He said he was flattered by the number of cover versions of his songs that exist, including ones by Eric Clapton (“Looking at the Rain”), Kenny Rankin (“Pussywillows, Cat-Tails”), Nanci Griffith (“Ten Degrees and Getting Colder”), Poco (“Ribbon of Darkness”), Sarah McLachlan (“Song For a Winter’s Night”) as well as Barbra Streisand (“If You Could Read My Mind”) and Elvis Presley (“Early Morning Rain”). “I never heard a cover of one of my songs that I didn’t like,” Lightfoot said in 2008. “Sure, I heard some strange versions occasionally, but they always seemed to do a good job. I would be amazed that people would enjoy my songs enough to want to record them, and it inspired me and made me want to work harder.”

Imitation may be the sincerest form of flattery, but Lightfoot just couldn’t let it go when he first heard “The Greatest Love Of All,” written in 1977 by Michael Masser and turned into an international hit in 1985 by Whitney Houston. “The first time I heard it was on an elevator,” he recalled in 2015. “There were about 24 bars of the melody that were really obviously taken from ‘If You Could Read My Mind’ and I noticed it. So we initiated a lawsuit for plagiarism, but three weeks later, I let it go because I understood that it was affecting Whitney Houston, who had an appearance coming up at the Grammys, and the suit wasn’t anything to do with her. So we settled out of court.”
Life threw Lightfoot quite a few curve balls along the way. Because he was an inherently shy man who wasn’t that comfortable with the spotlight, his stage presence was sometimes misinterpreted as arrogance, and he subsequently struggled with alcoholism before getting clean in the mid-1980s.
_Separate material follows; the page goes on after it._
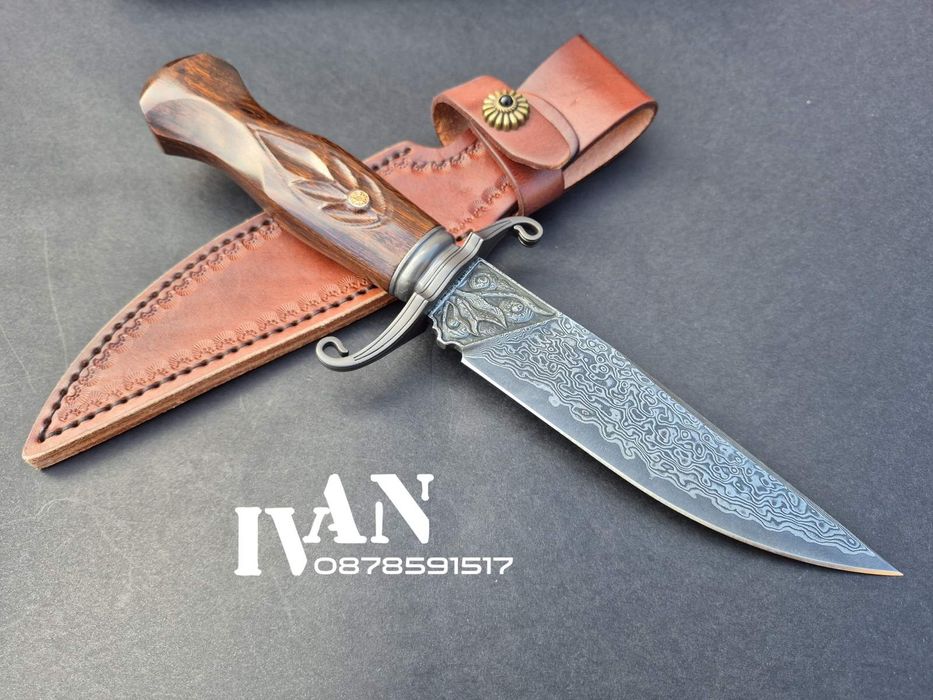 Ловен нож-Дамаска стомана VG10/96 слоя ламинат с кожена кания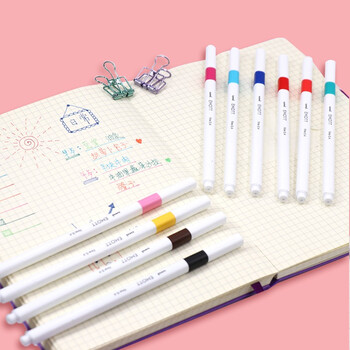 uni三菱 荧光记号笔 学生作业手账绘画标记笔彩色笔 彩色水性勾线笔 PEM-SY 10C NO.1 10色套装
The fact that Lightfoot lived to reach 84 is fairly amazing in light of the serious illnesses he suffered in his later years, from a bout with Bell’s palsy to a stomach aneurism that required multiple surgeries and put him in a coma for six weeks in 2002.

A tracheotomy damaged his vocal cords and made him consider retiring from live performances, but his work ethic wouldn’t permit it. “In the final analysis, the job was what mattered,” he said in 2018. “When I was recuperating, it was good being preoccupied in a very constructive way with a project in the works; one which would carry itself forward, right up through the artwork and editorial, until its ultimate completion.”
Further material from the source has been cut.